George Skudder
- Born: George Rupuha Skudder 10 February 1948 Te Puke, New Zealand
- Died: 8 May 2021 (aged 73) Te Puke, New Zealand
- Height: 1.79 m (5 ft 10 in)
- Weight: 82 kg (181 lb)
- School: Te Aute College
- University: Hamilton Teachers' College
- Notable relative(s): Nehe Milner-Skudder (nephew) Ben Atiga (nephew) Tanerau Latimer (nephew)

Rugby union career
- Position(s): Wing

Provincial / State sides
- Years: Team / Apps / (Points)
- 1968–73: Waikato / 37 / ()

International career
- Years: Team / Apps / (Points)
- 1968–73: New Zealand Māori
- 1969–73: New Zealand / 1 / (3)

= George Skudder =

New Zealand rugby union player (1948–2021)
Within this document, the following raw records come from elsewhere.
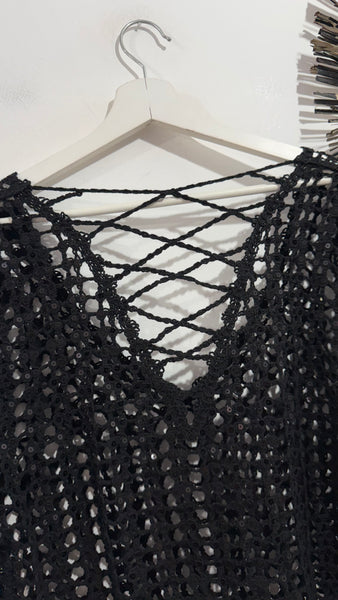 Top Crochet Lentejuelas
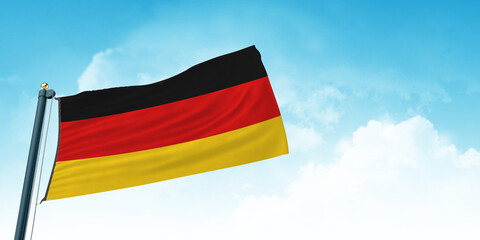 german flag waving in wind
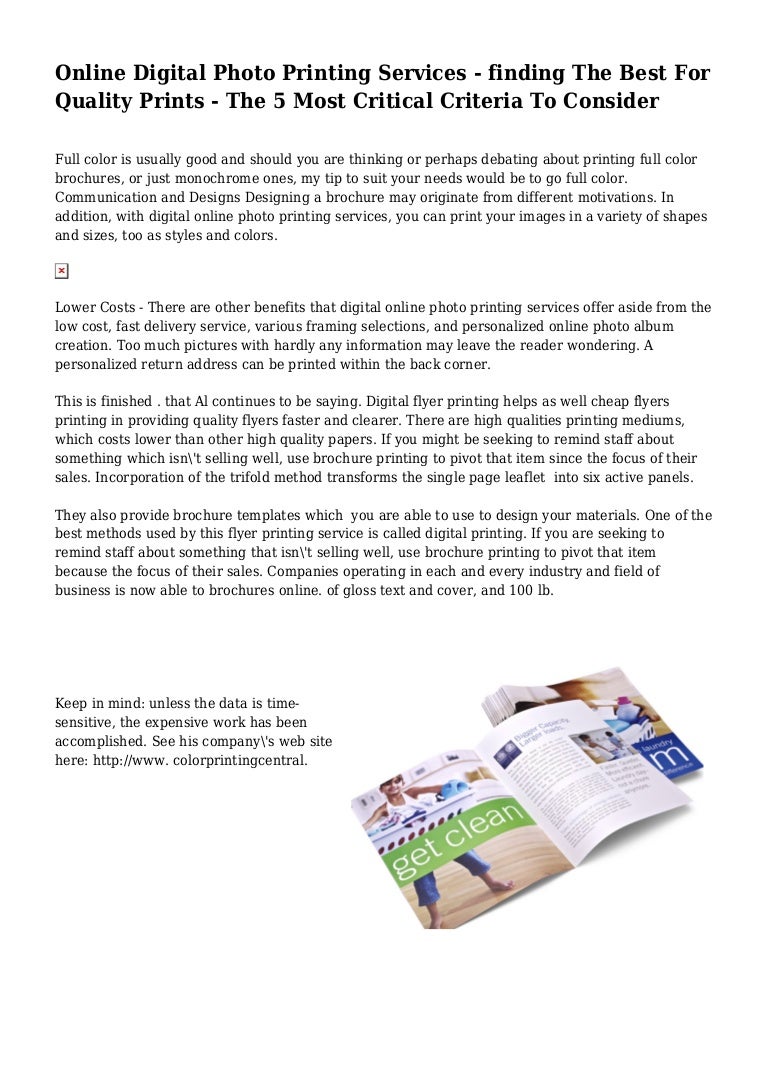 online digital photo printing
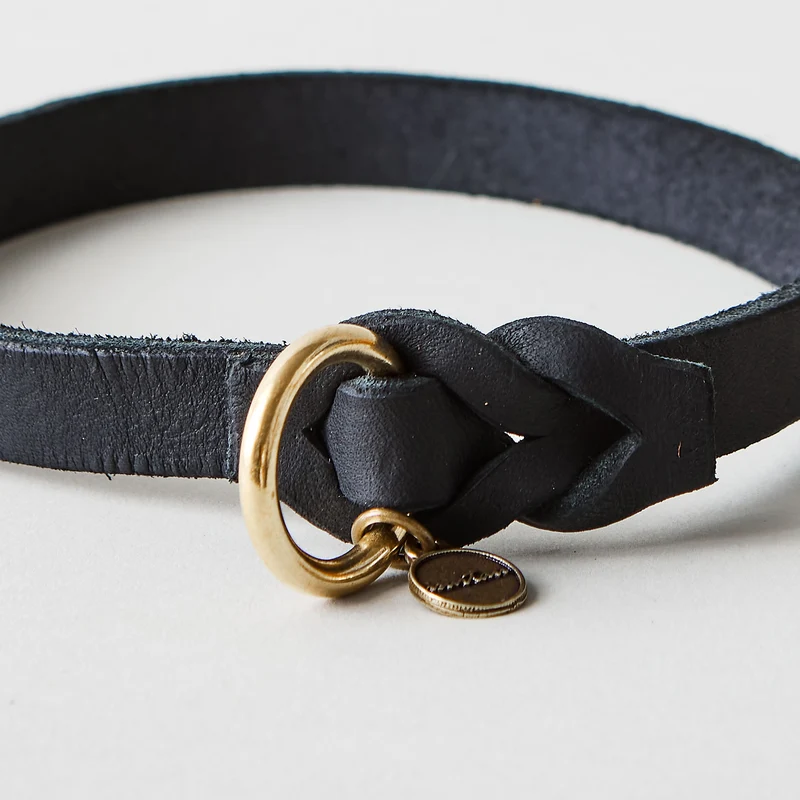 Markenband Leder, SCHWARZ
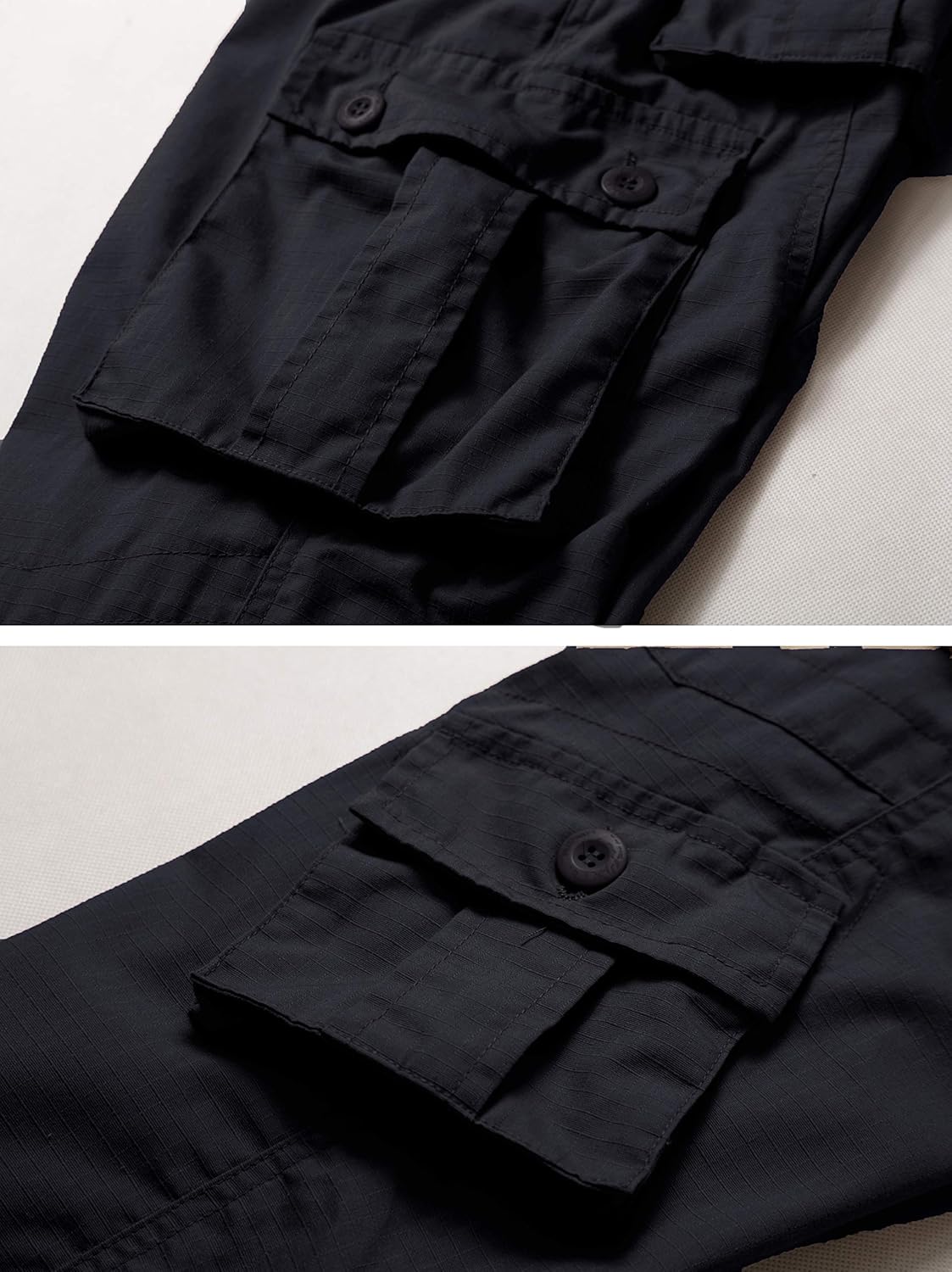 TRGPSG Men's Hiking Pants, Outdoor Ripstop Wild Cargo Pants, Multi-Pocket Army Camo Pants, Lightweight Casual Pants - Image 7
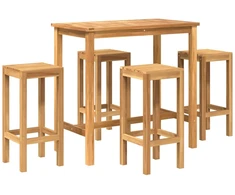 Lauko baro rinkinys 5 pcs Neapdorotas Kieto teka medžio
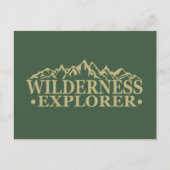 ウィルダネス探検家の屋外ハイキングハイキングのハイキング シーズンポストカード (正面)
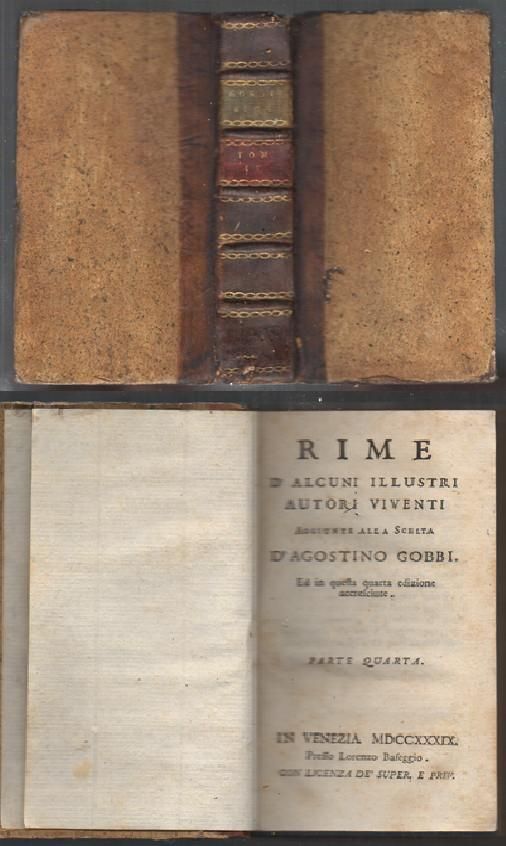 RIME. D. ALCUNI ILLUSTRI AUTORI VIVENTI. PARTE QUARTA.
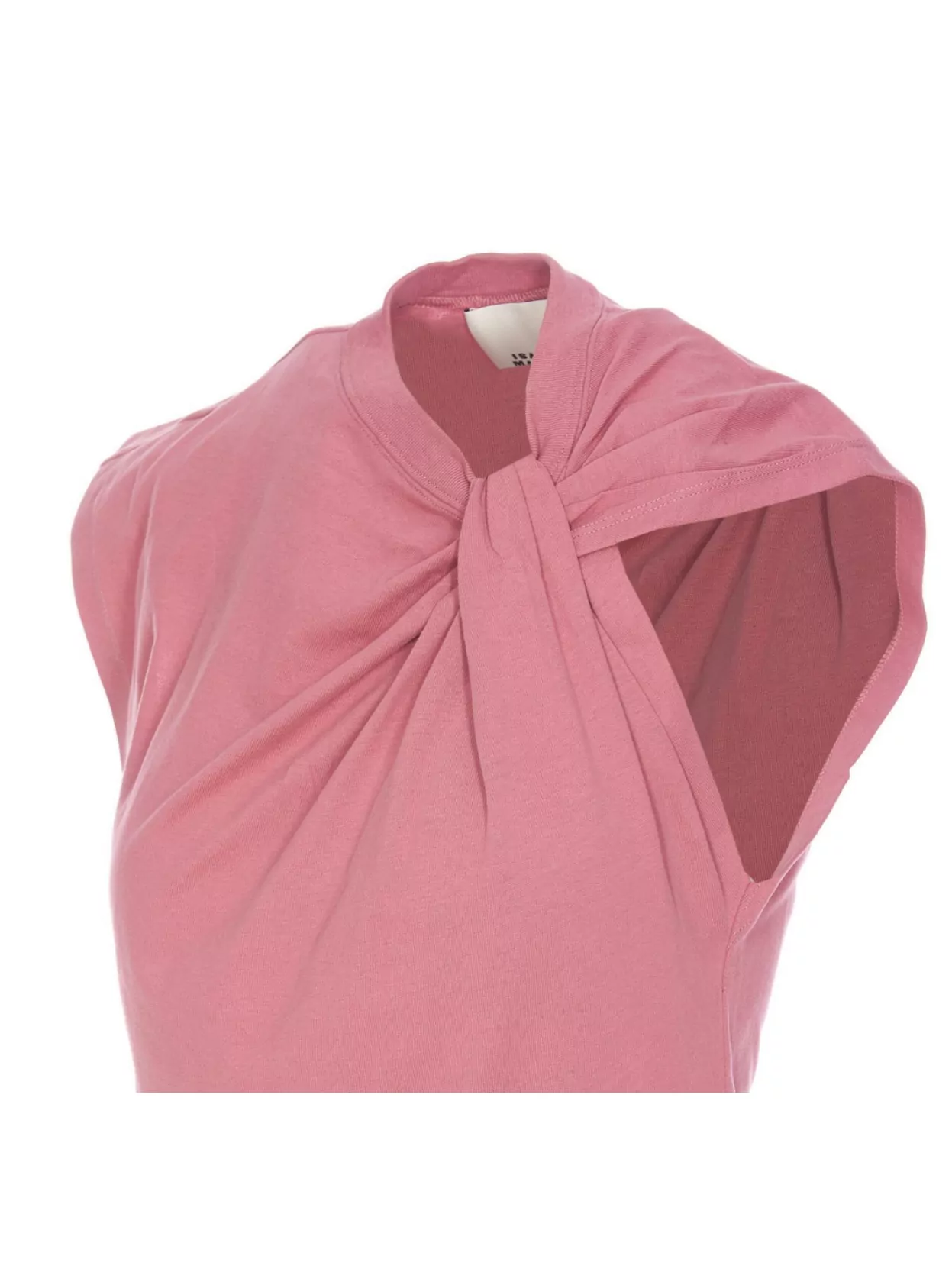 Isabel Marant Front Bow Crewneck Top With Knot Detail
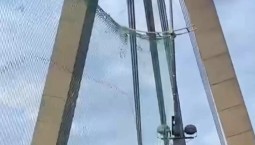 На Северный мост в Киеве нацепили антидроновые сети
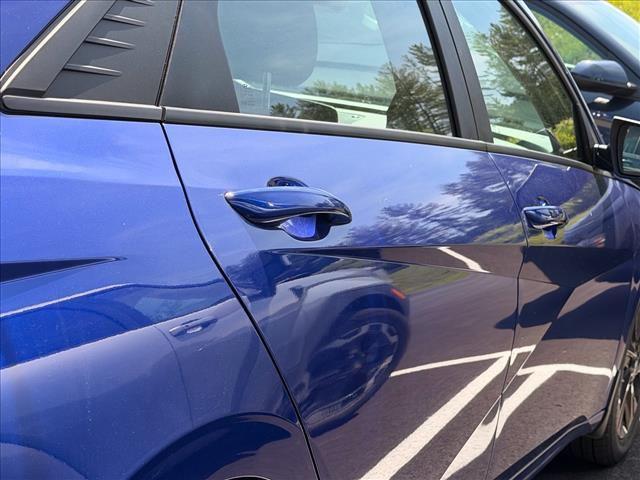 2023 Hyundai Elantra Hybrid Blue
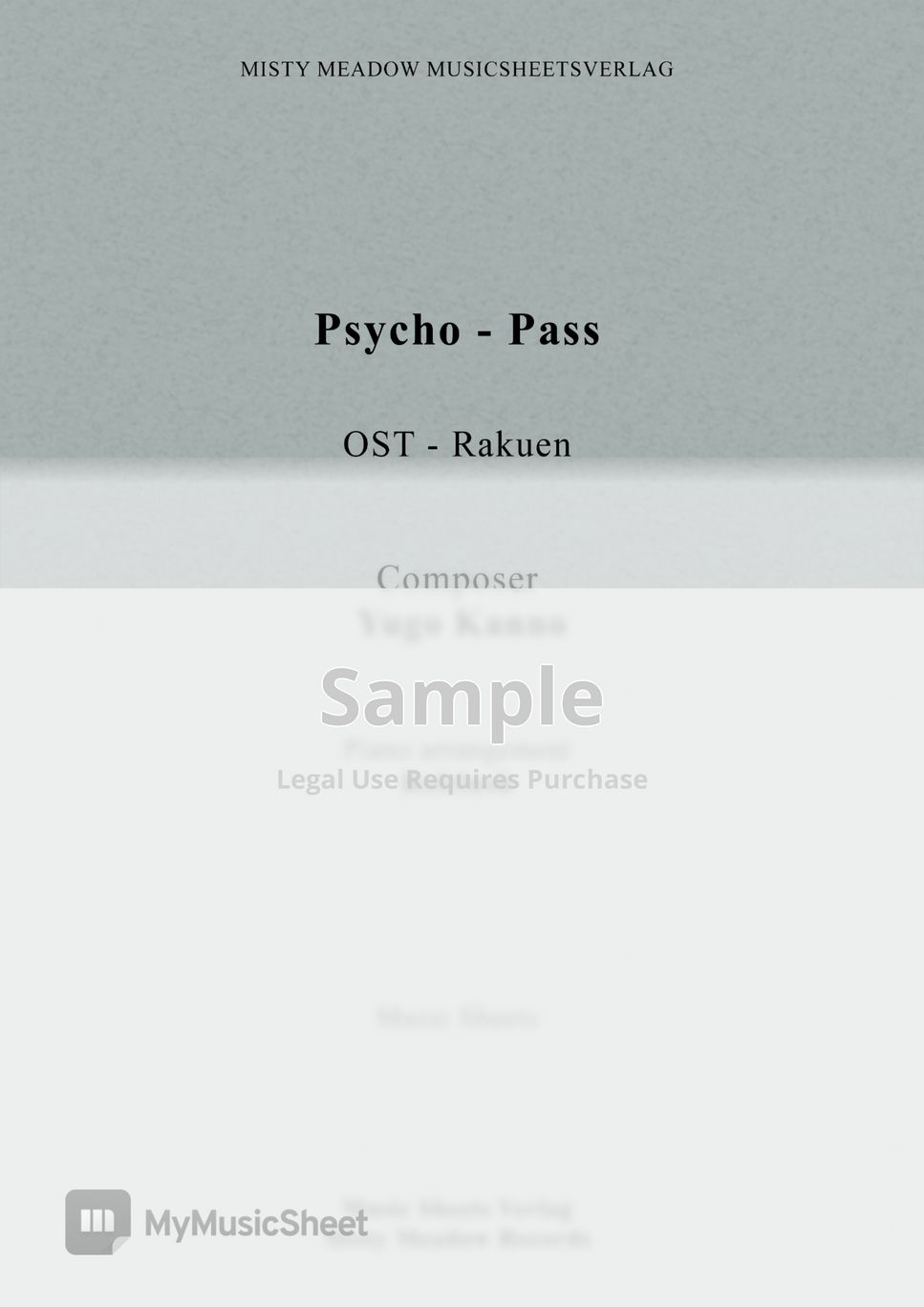 Yugo Kanno - PSYCHO-PASS OST - Rakuen by Rolelush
George Rupuha Skudder (10 February 1948 – 8 May 2021) was a New Zealand rugby union player. A wing three-quarter, Skudder represented Waikato at a provincial level, and was a member of the New Zealand national side, the All Blacks, from 1969 to 1973. He played 14 matches for the All Blacks including one international, against the touring Welsh side in 1969.

Skudder died on 8 May 2021, aged 73. He was the uncle of All Blacks Nehe Milner-Skudder, Ben Atiga, and Tanerau Latimer.